Thinking aloud models how we organize our thoughts, put things in order, make decisions, interpret the actions of others, take action and assess what we have done. Thinking aloud helps kids with executive functioning challenges as well as kids in social situations. The beauty of thinking aloud as a tool for modeling is that you can tailor it to best fit the students you work with.
It is important to pace the think aloud in a way that allows students to follow along. Pausing, using wait time, varying tone of voice and volume, using bigger body movements and facial expressions increase the probability of useful impact. We want our students to relate to the content by observing how us think and problem solve. What we know about the brain and learning, supports thinking aloud as a way to develop new neural pathways that allow for new information to connect to old information so students can construct their own meaning from what you are teaching. And we all know that is the absolute best way to facilitate learning.
Suggestions and examples
Hmmm.

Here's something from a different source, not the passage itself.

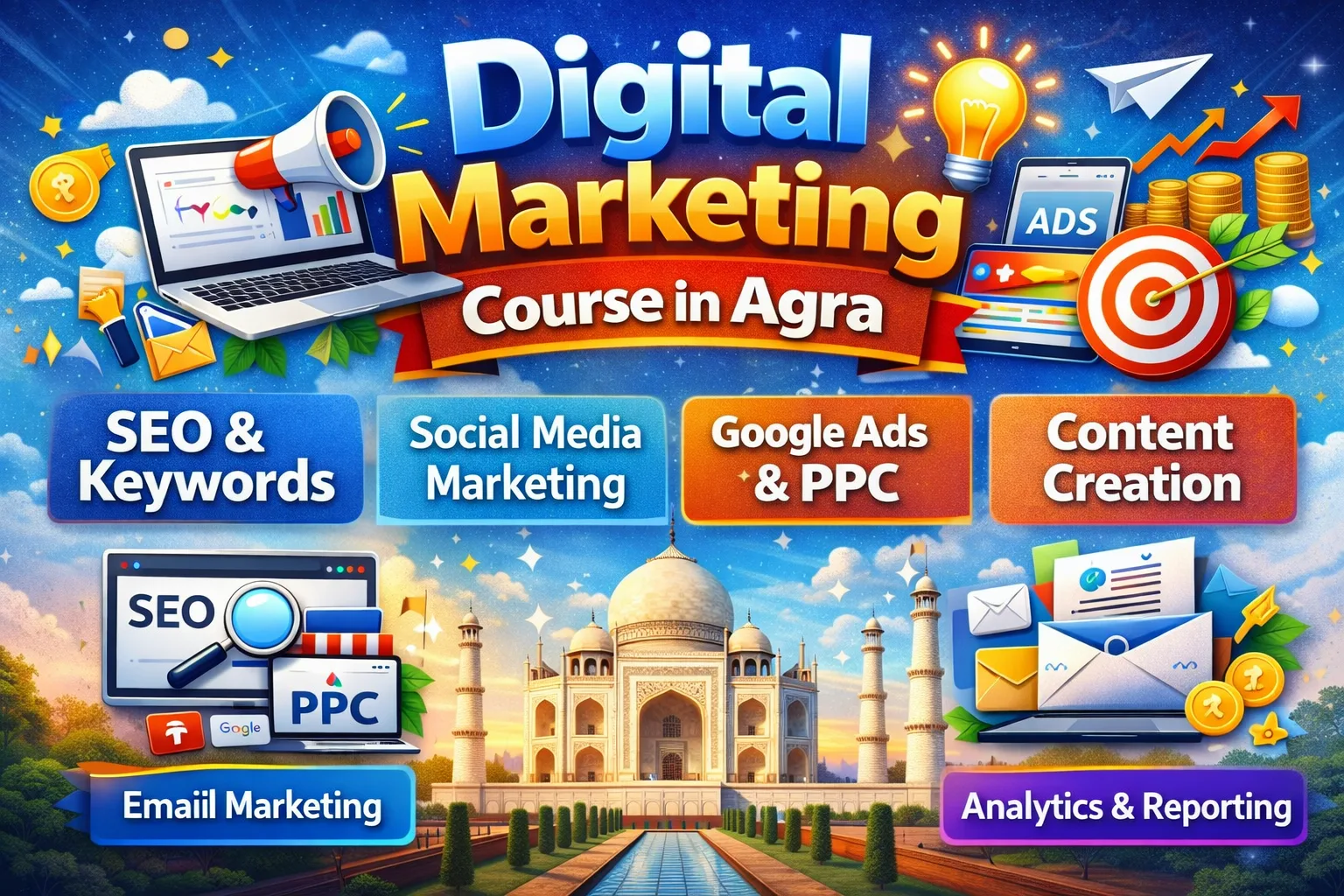 Digital Marketing Course in Agra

This one looks tricky. I am freaking out just a little bit. (take a deep breath) One step at a time. I got this. I know that when I reduce fractions, whatever happens downstairs with the denominator has to happen up stairs with the numerator. I sure wish I had my facts memorized! Wait, I can use my multiplication chart. OK, so first step is to…………….
Throughout this kind of think aloud I use as much voice inflection as I can. One thing that stuck with a particular group of boys was me sliding my pitch from low to high when I was saying whatever happens downstairs with the denominator has to happen upstairs with the numerator. Think of those slide whistles. My voice goes from low to high as I say that phrase. Using my voice that way opened a new neural pathway, a new way to make that information stick and get filed away to be used when needed. As these boys worked through the assignment, they mimicked the way I said it and that served to keep them engaged. They got the giggles. That was OK with me. They were enjoying themselves while working. Perish the thought!
2. Literature lesson
On the board are a few quotes from this chapter of To Kill A Mockingbird. Your assignment is to interpret and respond to one of these quotes. But first let’s look at this particular quote. Here is how I might go about interpreting, and organizing my thoughts for the response.
Well, I know that this is something Atticus said to Scout. Model opening book to the page where the quote is and read aloud a bit before and a bit after the quoted line. Pause. So, Atticus and Scout were talking about ____________________. She was confused about ________________ and Atticus was helping her understand human nature. Atticus used an analogy to help Scout understand such a complex thing about people in general. He was telling her that _______________. But it could be that he was really explaining ____________. But I don’t think so because right before he says this, Scout was struggling with _____________.
Model putting those thoughts in an organized written response. Talk all the way through the modeling. Repeatedly refer to the characters and setting. Rearrange wording and sentence structure, rethink certain points. By doing this you are demonstrating how one thinks about his or her writing, how the writer searches for the best way to express thoughts. Throughout this think aloud you have a wonderful opportunity to demonstrate how to think critically. My favorite thing.
When you students are able to see through your eyes and watch you think, they make deeper connections to the content.
3. Social skills and communication
Suzie, Joey just said hello. When Joey says hello to me I always say hello right back. Hello Joey!
From here on you speak with Joey in Suzie’s voice but add how you want Suzie to be thinking, processing, and interpreting what Joey is saying. It is important to try and sit right next to or behind Suzie. Change your voice pitch so there is a difference between your thinking and your voice when speaking as Suzie. You must think aloud in your voice before you respond in Suzie’s voice.
Joey: Hey Suzie!
You as Suzie thinking: Wow, Joey said hello. He is smiling. That shows me he is friendly. I want him to know I heard him.
You in Suzie’s voice: Hey Joey.
Joey: Whatcha doing right now?
You as Suzie thinking: Joey is interested in me and what I am doing.
You in Suzie’s voice: I’m just working on this puzzle.
You as Suzie thinking: I wonder if Joey wants to do the puzzle with me? I would like his help and company.
You in Suzie’s voice: It’s pretty hard. Wanna come work on it with me?
Joey: Yes! I love doing puzzles. Thanks.
You as Suzie thinking: Joey likes puzzles. I will remember that because that is what friends do. They pay attention to what each other likes.
You in Suzie’s voice: Good! When we finish this one, maybe we can do another one.
I have had great success with his strategy in helping students communicate with each other. It serves as voice for some. It serves as a frontal lobe interpreter for my students with social communication challenges. I cannot stress enough to use enthusiasm, exaggerated voice intonation and to be very mindful of the expressive qualities you are using. Make sure you stay consistent with language and modify to meet the needs of each student. Get your students emotionally engaged.
The uses really are endless. The results can be immediate, but remember that repetition is important for internalization and generalization.
You are rewiring brains. This stuff takes time.